- Assigned task -
Every line of the data that includes "para" should be copied out.

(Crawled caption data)

# # # #

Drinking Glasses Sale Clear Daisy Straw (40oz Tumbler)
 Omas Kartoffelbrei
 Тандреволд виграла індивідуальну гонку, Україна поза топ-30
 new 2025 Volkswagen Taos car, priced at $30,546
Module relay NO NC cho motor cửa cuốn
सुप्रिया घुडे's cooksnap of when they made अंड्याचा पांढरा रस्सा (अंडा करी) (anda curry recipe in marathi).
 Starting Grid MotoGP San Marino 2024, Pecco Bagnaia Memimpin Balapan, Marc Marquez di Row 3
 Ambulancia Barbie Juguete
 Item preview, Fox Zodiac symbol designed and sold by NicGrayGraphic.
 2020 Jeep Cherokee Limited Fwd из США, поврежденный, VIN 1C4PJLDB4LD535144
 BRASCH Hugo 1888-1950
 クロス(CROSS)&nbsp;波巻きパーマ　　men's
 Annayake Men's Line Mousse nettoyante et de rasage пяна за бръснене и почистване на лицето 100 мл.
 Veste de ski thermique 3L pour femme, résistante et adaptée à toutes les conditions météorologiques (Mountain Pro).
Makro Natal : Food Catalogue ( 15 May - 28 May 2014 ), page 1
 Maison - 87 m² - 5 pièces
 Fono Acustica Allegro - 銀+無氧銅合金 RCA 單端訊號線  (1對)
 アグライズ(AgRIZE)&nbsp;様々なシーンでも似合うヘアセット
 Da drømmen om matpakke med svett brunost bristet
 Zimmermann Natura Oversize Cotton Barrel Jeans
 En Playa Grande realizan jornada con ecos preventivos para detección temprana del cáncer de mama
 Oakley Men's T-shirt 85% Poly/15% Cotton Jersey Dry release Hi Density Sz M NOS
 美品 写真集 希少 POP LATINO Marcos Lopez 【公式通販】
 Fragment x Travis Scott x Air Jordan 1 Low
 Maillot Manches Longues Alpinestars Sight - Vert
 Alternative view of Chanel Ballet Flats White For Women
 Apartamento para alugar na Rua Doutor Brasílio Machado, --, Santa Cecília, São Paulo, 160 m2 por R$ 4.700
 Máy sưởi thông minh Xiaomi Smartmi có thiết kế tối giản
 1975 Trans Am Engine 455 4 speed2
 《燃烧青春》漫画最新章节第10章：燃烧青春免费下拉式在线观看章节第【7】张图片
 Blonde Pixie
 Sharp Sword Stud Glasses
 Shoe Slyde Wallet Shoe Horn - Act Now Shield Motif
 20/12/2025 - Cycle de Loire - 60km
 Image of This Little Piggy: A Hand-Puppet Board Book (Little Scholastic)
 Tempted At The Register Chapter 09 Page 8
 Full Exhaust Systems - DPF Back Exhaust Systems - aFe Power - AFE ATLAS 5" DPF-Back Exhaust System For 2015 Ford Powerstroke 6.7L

# # # #

- Response to this task -
 En Playa Grande realizan jornada con ecos preventivos para detección temprana del cáncer de mama
 Apartamento para alugar na Rua Doutor Brasílio Machado, --, Santa Cecília, São Paulo, 160 m2 por R$ 4.700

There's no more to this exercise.